Before the recession, the number of people per household in San Diego was about 2.7 persons, but it’s risen to 2.8 persons this year. That one-tenth of a point is significant because it translates to some 6,000 new households formed rather than the 27,500 that would have formed had the area maintained the historic average, the report says.

The reduced number affects new construction and reduced need for financing services, both of which used to be big drivers of the local economy.

“The combination of lower household formation, high unemployment and tightened lending standards crushed the local residential building economy,” said Kelly Cunningham, the NUSIPR economist who authored the report.

Using data on new building permits, last year the region created 8,315 units, yet that’s only about half of the average of 15,000 to 16,000 new units created from 1990 to 2006, the report said.

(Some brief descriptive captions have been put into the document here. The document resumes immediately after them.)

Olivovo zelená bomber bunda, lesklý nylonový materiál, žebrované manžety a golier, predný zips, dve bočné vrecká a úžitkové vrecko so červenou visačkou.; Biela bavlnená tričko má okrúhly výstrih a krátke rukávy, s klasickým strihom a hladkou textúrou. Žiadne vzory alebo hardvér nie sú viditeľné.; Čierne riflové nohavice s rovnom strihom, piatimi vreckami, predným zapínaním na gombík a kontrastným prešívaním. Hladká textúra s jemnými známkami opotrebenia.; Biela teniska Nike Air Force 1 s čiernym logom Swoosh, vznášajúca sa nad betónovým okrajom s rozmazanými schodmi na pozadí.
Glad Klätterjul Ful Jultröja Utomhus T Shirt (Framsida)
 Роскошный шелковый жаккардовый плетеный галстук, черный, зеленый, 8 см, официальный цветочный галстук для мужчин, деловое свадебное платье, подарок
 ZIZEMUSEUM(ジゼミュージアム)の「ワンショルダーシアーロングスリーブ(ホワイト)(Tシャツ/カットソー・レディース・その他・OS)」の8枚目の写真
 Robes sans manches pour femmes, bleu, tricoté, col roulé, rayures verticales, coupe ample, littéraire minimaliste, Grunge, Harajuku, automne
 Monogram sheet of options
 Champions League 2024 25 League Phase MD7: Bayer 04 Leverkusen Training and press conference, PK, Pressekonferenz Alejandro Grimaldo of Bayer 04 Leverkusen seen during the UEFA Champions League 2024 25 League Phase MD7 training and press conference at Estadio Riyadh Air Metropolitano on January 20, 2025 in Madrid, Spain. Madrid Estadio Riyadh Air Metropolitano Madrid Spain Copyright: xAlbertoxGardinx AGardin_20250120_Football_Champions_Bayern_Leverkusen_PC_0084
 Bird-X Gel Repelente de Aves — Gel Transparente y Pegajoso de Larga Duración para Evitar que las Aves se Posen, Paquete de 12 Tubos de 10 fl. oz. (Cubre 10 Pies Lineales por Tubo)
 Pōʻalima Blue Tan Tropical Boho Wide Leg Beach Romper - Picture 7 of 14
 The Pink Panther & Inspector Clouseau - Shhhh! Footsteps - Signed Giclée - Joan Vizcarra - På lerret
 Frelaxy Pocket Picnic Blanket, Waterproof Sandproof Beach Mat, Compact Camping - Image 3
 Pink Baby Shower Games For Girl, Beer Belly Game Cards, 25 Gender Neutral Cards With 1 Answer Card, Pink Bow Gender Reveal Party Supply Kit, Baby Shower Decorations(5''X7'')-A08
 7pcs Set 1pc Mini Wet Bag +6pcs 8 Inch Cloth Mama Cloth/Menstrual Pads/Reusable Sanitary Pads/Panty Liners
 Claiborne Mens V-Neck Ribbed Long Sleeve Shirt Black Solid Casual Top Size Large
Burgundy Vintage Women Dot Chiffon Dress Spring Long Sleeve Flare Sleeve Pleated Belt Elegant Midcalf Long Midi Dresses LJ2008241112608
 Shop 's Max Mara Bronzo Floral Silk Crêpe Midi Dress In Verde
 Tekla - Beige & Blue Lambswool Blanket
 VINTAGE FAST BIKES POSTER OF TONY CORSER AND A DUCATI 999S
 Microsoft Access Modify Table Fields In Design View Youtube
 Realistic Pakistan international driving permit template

The report found that the key reason behind the lower household formation is because younger people aren’t leaving the nest. Pre-recession, 27 percent of 18- to 34-year-olds lived with their parents. Today that share is up to 31 percent, not because they prefer the arrangement but because they can’t find a decent job, the report said.

Even among those younger people who are employed, many don’t feel that secure and are carrying excess debt from student loans, severely limiting the amount they can spend on rent or a mortgage payment, the report said.

“Whatever the cause, the result is they are delaying signing a lease or getting a mortgage,” Cunningham said.

Until rates of household formation return to historic averages, the economy will likely remain stuck, and unlikely to be the jobs engine it had been in the past, he said.